Template 1: inner join for matching records

Use an inner join when you only want rows that exist in both tables.

Prompt: “List orders with customer emails.”

SELECT
  o.order_id,
  o.order_date,
  c.email,
  o.revenue
FROM orders o
JOIN customers c
  ON c.customer_id = o.customer_id;

Trap: joining at the wrong grain. If customers has one row per customer, this is safe. If customer_emails has multiple rows per customer, the join duplicates orders. Always check cardinality.

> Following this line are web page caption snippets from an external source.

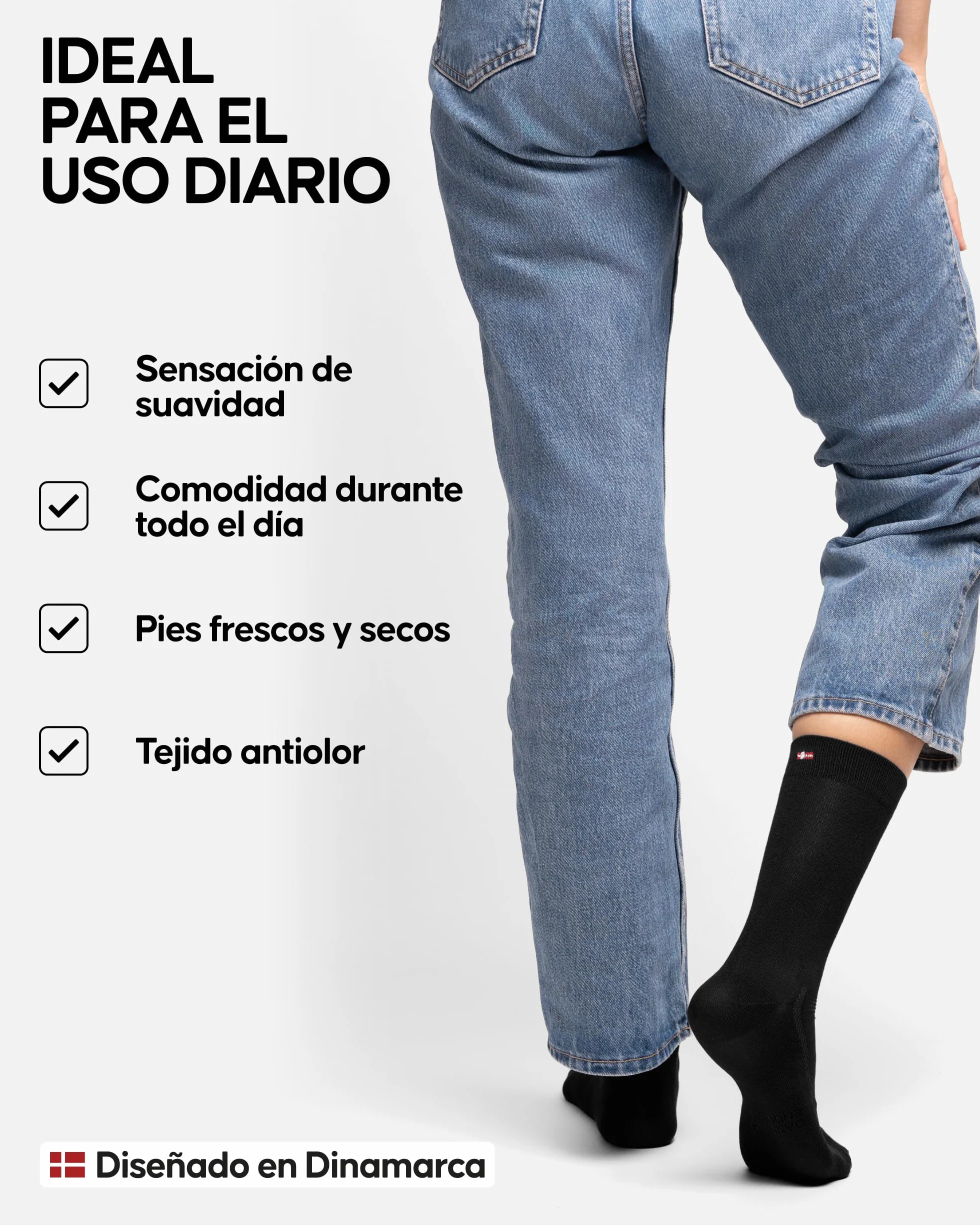 DANISH ENDURANCE Calcetines Casuales de Bambú Unisex, Suaves y Transpirables, Calcetines Ejecutivos para Hombre y Mujer, 3 Pack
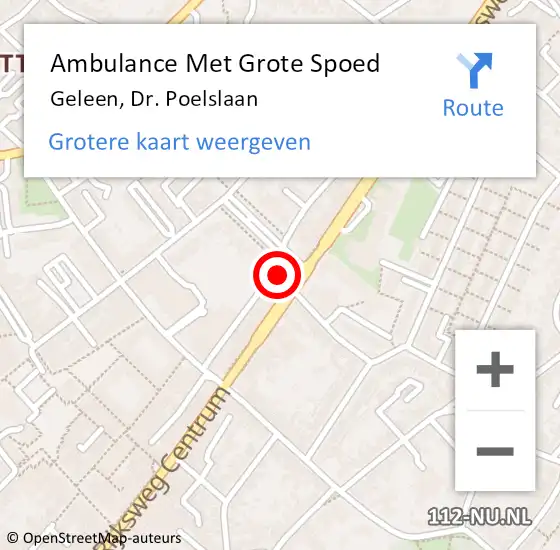 Locatie op kaart van de 112 melding: Ambulance Met Grote Spoed Naar Geleen, Dr. Poelslaan op 17 april 2023 19:53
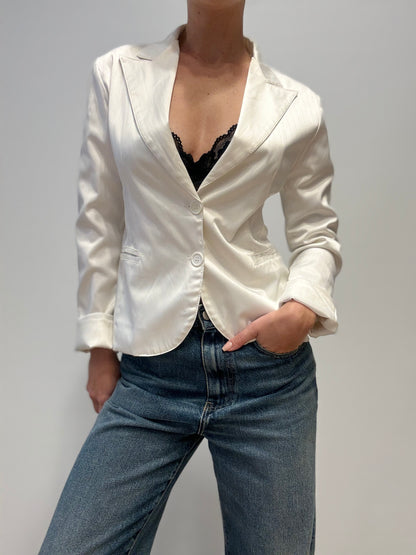 Vintage Italian Ivory Blazer with Subtle Silver Pinstripe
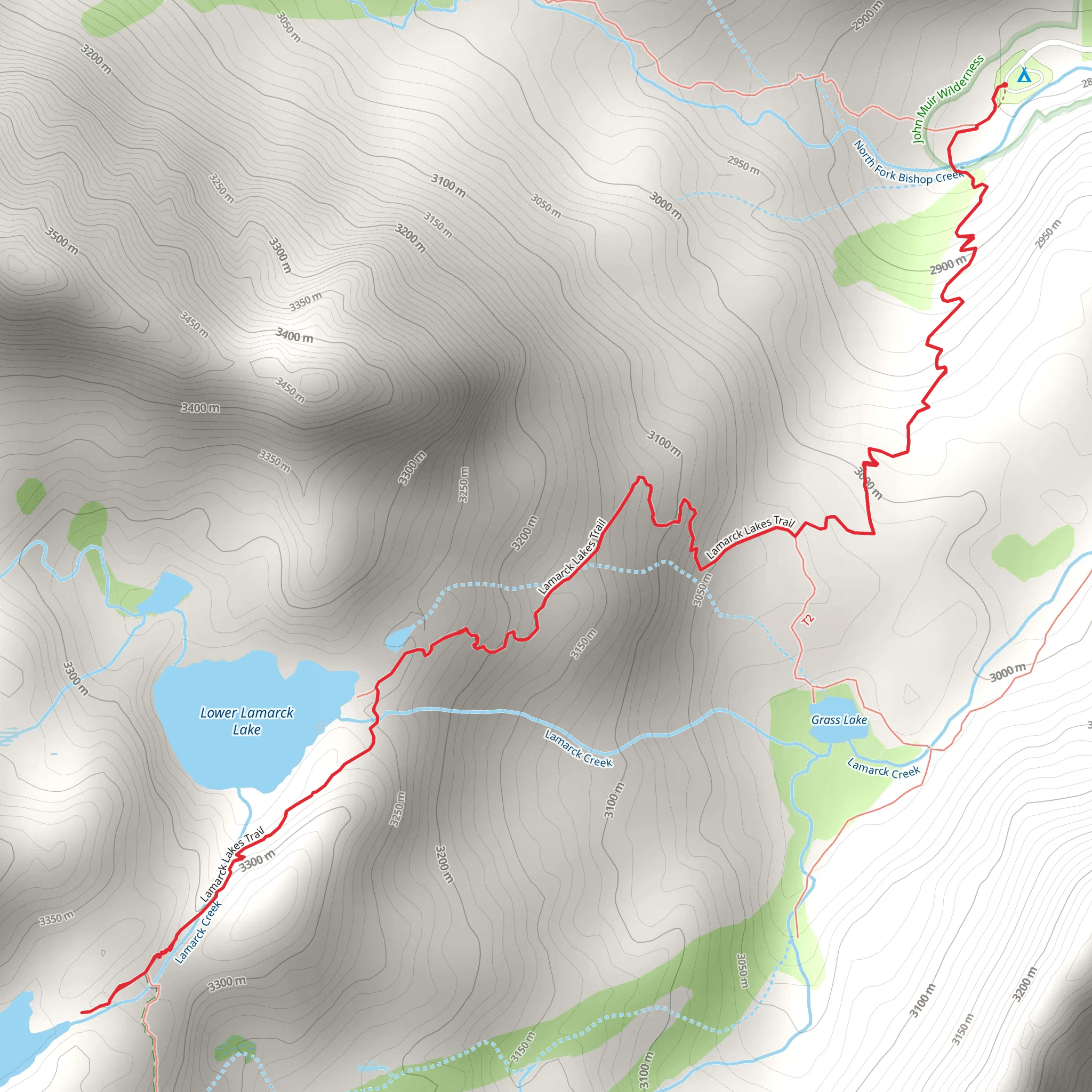 Lamarck Lakes Trail mobile static map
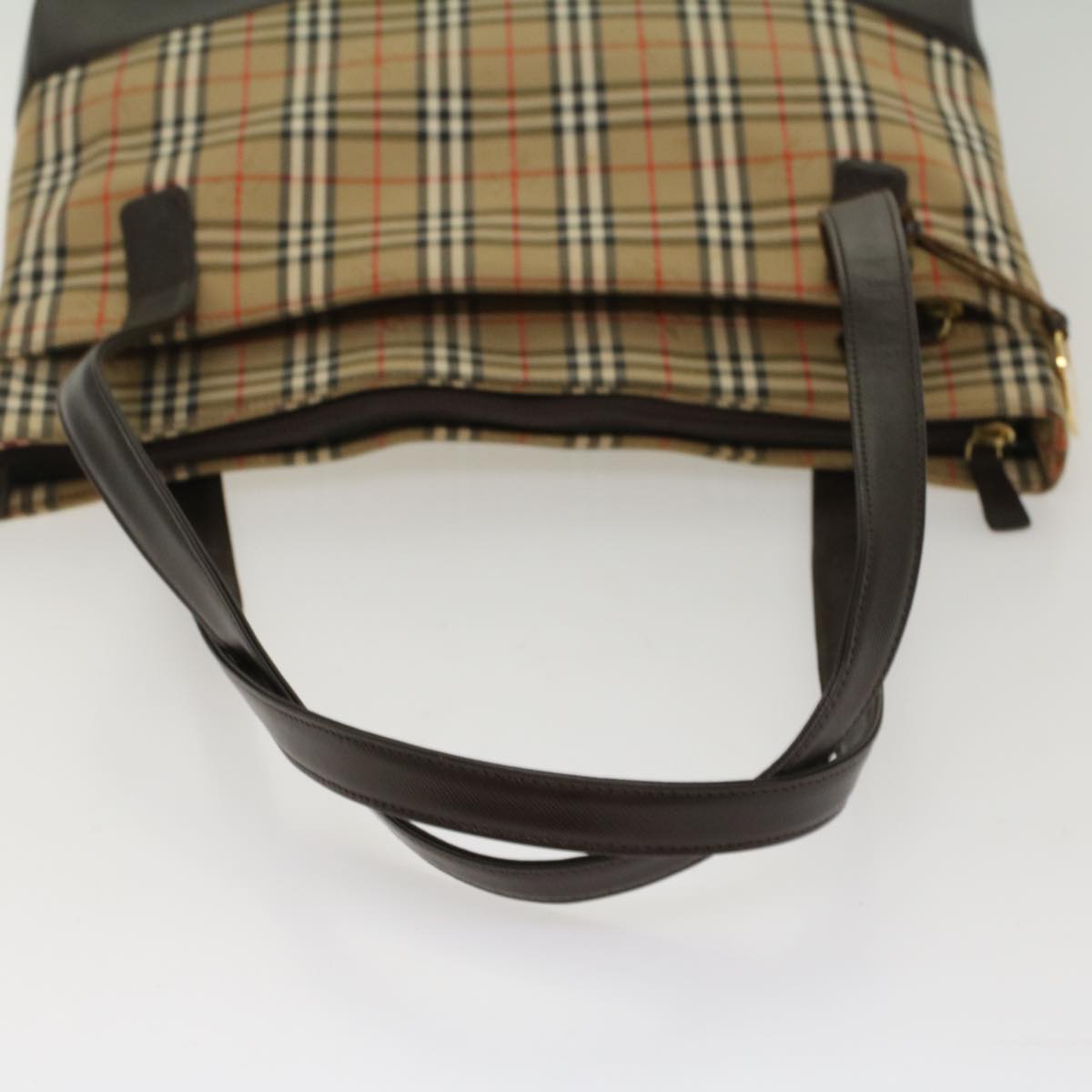 Burberry Nova Check Shoulder Bag Canvas Beige Brown Auth hk811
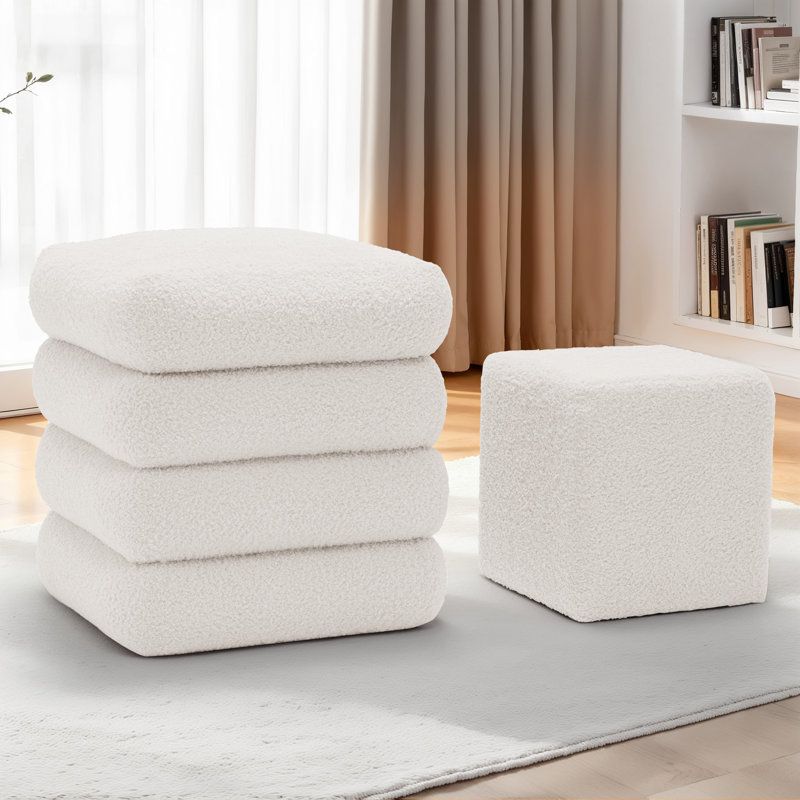 Square Ottoman , Teddy Velvet Upholstered Ottoman With Storage， Ottoman for Living Room and Bedroom(set of 2), Beige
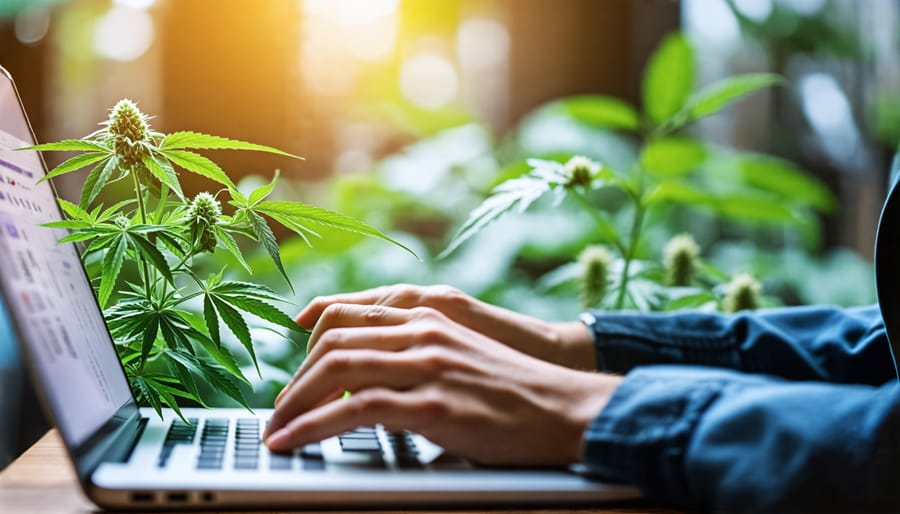 Digital marketer reviewing cannabis industry trends using a laptop with cannabis graphics on screen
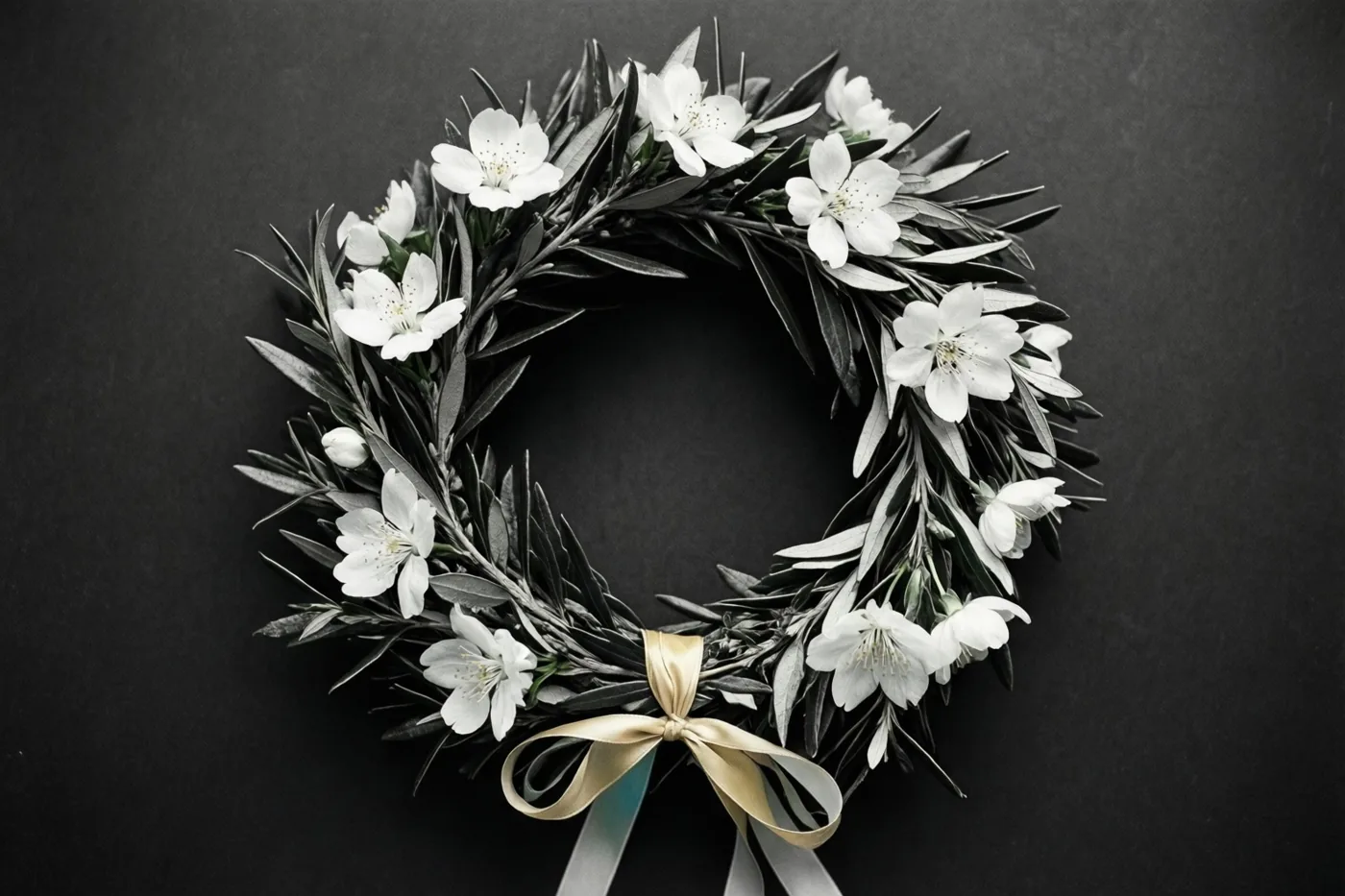 Een ronde lauwerkrans met witte bloemen en een gouden lint staat centraal tegen een donkere achtergrond.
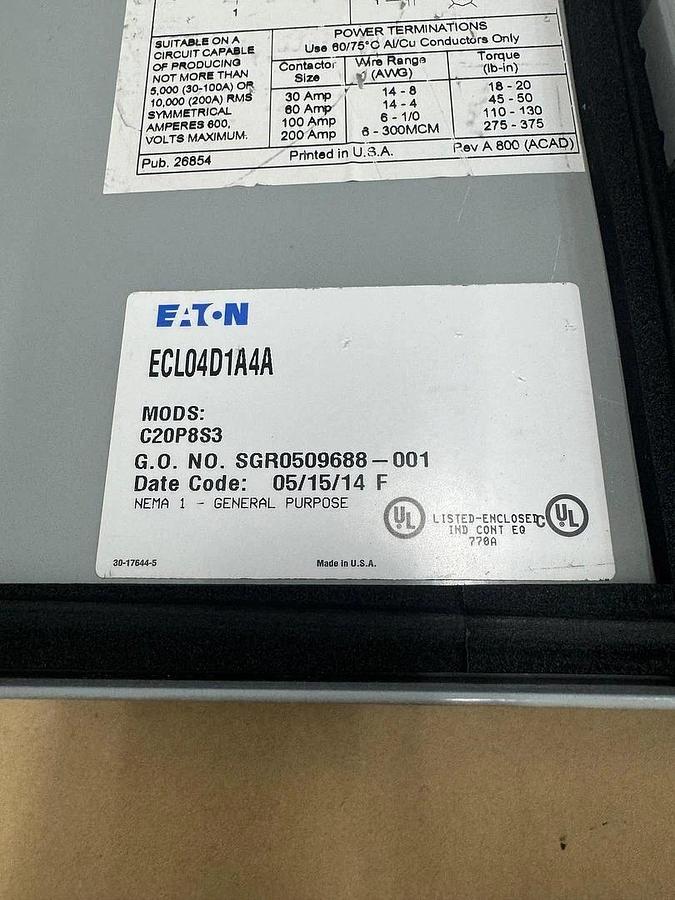 Used Eaton ECL04D1A4A-C20P8S3 General Purpose Magnetic Enclosure, 16” x 12”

Interview line: “I am assuming customers.customer_id is unique. If not, I would deduplicate or pick the current email before joining.”

Template 2: left join to keep the base table

Use a left join when every row from the left table should remain even if the right side is missing.

Prompt: “Show all customers and their order count, including customers with zero orders.”

SELECT
  c.customer_id,
  COUNT(o.order_id) AS order_count
FROM customers c
LEFT JOIN orders o
  ON o.customer_id = c.customer_id
GROUP BY c.customer_id;

Trap: putting right-table filters in WHERE turns the left join into an inner join.

Wrong:

WHERE o.order_date >= DATE '2026-01-01'

Better:

LEFT JOIN orders o
  ON o.customer_id = c.customer_id
 AND o.order_date >= DATE '2026-01-01'

That preserves zero-order customers.

Template 3: anti-join for “did not do X”

Prompt: “Find users who signed up but never placed an order.”

SELECT u.user_id
FROM users u
LEFT JOIN orders o
  ON o.user_id = u.user_id
WHERE o.user_id IS NULL;

Alternative:

SELECT u.user_id
FROM users u
WHERE NOT EXISTS (
  SELECT 1
  FROM orders o
  WHERE o.user_id = u.user_id
);

NOT EXISTS is often clearer and avoids null surprises with NOT IN. If the subquery can return nulls, NOT IN can behave unexpectedly.

Interview line: “For anti-joins, I prefer NOT EXISTS when null behavior matters.”

Template 4: aggregation at the correct grain

Prompt: “Calculate monthly revenue.”

SELECT
  DATE_TRUNC(order_date, MONTH) AS order_month,
  SUM(revenue) AS revenue
FROM orders
WHERE status = 'completed'
GROUP BY 1
ORDER BY 1;

The pattern is filter first, group to the reporting grain, aggregate the metric. The trap is counting rows when the metric should count distinct users or orders. Say what you are counting.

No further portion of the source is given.